The final inference task consumes the augmented images and CAD masks from task
outputs, then reads PCBA submasks from `datasets/pcb/raw`, pretrained weights
from `models/pretrained`, and either the shipped checkpoint from `models/pcb`
or the finetune task output. When `use_pretrained_checkpoint=false` the
finetune-job task builds its validation set on the fly via `prep_testcase.sh`
(anomalygen Phase 1 Step 2) before torchrun starts.

## Finetune-mode cookbook render (in-pod, automatic)

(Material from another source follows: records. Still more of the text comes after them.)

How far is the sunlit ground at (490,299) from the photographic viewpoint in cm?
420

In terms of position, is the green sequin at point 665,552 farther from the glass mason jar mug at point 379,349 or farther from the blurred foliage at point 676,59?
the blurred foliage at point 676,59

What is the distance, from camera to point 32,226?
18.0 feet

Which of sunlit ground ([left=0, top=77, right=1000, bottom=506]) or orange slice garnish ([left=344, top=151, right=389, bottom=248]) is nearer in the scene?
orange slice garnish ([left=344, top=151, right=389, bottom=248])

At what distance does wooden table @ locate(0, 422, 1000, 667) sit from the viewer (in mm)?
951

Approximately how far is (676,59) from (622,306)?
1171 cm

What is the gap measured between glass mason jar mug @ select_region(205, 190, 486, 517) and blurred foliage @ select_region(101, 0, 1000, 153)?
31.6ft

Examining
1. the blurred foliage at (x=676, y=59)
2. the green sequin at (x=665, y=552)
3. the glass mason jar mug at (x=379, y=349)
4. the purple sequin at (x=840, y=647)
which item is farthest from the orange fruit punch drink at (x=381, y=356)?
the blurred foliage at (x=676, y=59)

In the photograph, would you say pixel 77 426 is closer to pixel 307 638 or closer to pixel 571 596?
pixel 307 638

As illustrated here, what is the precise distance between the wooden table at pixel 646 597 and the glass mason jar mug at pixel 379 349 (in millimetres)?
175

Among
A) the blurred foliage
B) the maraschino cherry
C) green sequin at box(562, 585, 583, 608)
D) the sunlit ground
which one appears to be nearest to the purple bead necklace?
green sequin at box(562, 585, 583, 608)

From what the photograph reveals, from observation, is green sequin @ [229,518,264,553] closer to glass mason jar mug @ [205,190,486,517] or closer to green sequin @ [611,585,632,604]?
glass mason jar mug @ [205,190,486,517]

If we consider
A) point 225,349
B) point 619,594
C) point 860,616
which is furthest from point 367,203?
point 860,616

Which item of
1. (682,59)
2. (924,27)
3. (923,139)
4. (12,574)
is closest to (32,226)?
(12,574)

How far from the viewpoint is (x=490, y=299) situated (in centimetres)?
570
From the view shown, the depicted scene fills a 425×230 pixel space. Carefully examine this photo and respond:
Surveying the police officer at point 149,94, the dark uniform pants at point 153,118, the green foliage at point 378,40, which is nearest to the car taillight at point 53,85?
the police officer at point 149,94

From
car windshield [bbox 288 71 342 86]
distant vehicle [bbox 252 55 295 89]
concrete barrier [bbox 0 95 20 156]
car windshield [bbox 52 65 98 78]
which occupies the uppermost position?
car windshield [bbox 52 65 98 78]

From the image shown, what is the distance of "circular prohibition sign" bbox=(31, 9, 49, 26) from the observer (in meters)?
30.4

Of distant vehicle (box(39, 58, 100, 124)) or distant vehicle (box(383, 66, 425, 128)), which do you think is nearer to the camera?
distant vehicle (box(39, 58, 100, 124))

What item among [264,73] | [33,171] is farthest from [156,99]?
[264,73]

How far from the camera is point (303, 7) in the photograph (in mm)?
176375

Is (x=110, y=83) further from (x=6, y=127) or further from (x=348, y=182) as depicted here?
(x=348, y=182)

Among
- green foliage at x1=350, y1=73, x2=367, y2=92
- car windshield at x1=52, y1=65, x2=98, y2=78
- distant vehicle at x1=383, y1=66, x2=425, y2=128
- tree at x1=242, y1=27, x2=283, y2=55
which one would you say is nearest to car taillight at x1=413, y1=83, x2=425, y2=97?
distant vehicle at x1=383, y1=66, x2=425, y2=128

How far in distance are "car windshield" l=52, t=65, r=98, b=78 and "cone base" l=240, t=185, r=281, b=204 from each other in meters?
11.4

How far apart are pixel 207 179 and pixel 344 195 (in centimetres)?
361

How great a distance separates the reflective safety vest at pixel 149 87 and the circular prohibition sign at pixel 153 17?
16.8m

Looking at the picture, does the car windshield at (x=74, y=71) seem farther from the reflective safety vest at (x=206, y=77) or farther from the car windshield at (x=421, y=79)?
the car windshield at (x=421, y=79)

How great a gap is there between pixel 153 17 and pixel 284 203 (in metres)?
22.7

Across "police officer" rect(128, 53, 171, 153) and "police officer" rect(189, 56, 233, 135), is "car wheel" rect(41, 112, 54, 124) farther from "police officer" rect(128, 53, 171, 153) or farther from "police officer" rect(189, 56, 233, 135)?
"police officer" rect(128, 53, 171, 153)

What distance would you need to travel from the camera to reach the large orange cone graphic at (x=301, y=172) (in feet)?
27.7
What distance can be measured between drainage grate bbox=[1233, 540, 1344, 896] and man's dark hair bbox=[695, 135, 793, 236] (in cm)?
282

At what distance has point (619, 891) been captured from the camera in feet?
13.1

In finetune mode (`use_pretrained_checkpoint=false`) the cookbook at
`assets/cookbooks/pcb/ag_config.yaml` is uploaded to the pod via `localpath:`
and rendered in-pod by `yq` right after Phase 1 Step 2 produces
`validation.jsonl`. **No pre-submit render step.** The 5 patched fields and
the `trainer.early_stop` drop are described in `finetune.md` §"Cookbook render
(in-pod, automatic)".

## Image-Edit Endpoint

Use an existing endpoint reachable from OSMO pods, or deploy the local cluster
service from `references/nim/`.

```bash
IMAGE_EDIT_ENDPOINT=http://qwen-image-edit-nvpcb-ovsl2sl.osmo-nims.svc.cluster.local:8000/v1
IMAGE_EDIT_MODEL=nvidia/Qwen-Image-Edit-NVPCB-OVSL2SL
```

## Submit

Generate a fresh run stamp (see SKILL.md §"Name stamping"):

```bash
STAMP=$(cat /proc/sys/kernel/random/uuid | cut -c1-8)
NAME=texture_defect_gen_day0-$STAMP
```

Default passthrough:

```bash
osmo workflow submit assets/configs/texture_defect_generation_day0.yaml \
  --pool <pool> \
  --set name=$NAME \
        dig_url_root=<dig_url_root> \
        image_edit_endpoint=${IMAGE_EDIT_ENDPOINT} \
        image_edit_model=${IMAGE_EDIT_MODEL}
```

Finetune-from-scratch:

```bash
osmo workflow submit assets/configs/texture_defect_generation_day0.yaml \
  --pool <pool> \
  --set name=$NAME \
        dig_url_root=<dig_url_root> \
        use_pretrained_checkpoint=false \
        image_edit_endpoint=${IMAGE_EDIT_ENDPOINT} \
        image_edit_model=${IMAGE_EDIT_MODEL}
```

Useful smoke-test knobs:

```bash
--set render_patches=5 num_sdg=15
```

The default taxonomy is:

```bash
'anomaly_types_json=[["IC","bridge"],["passive_component","excess_solder"],["passive_component","missing"]]'
```

## Output

> See [Output Retrieval](../output_retrieval.md).

## Troubleshooting

- **Missing URL artifacts** — submit `setup/setup_pcb.yaml` + `setup/setup_pretrained.yaml`, or upload under the same `dig_url_root`.
- **`ERROR: no USD found under <ASSETS_IN>`** — inspect `<dig_url_root>/datasets/pcb/assets`; it must contain the USD tree from the PCBA assets artifact.
- **`ERROR: $DATASET_DIR/defect_spec.jsonl missing in raw dataset`** — `<dig_url_root>/datasets/pcb/raw` is incomplete; rerun `setup/setup_pcb.yaml`.
- **`ERROR: prep_testcase.sh produced an empty validation.jsonl`** — the raw PCBA dataset has no training masks under `<MATERIAL>/mask/<defect>/`.
- **`submask dir not found`** — the raw PCBA data must have `<material>/mask/<defect>/` directories matching `anomaly_types_json`.
- **Image-edit failures** — verify `image_edit_endpoint` from inside the cluster and check `references/nim/README.md`.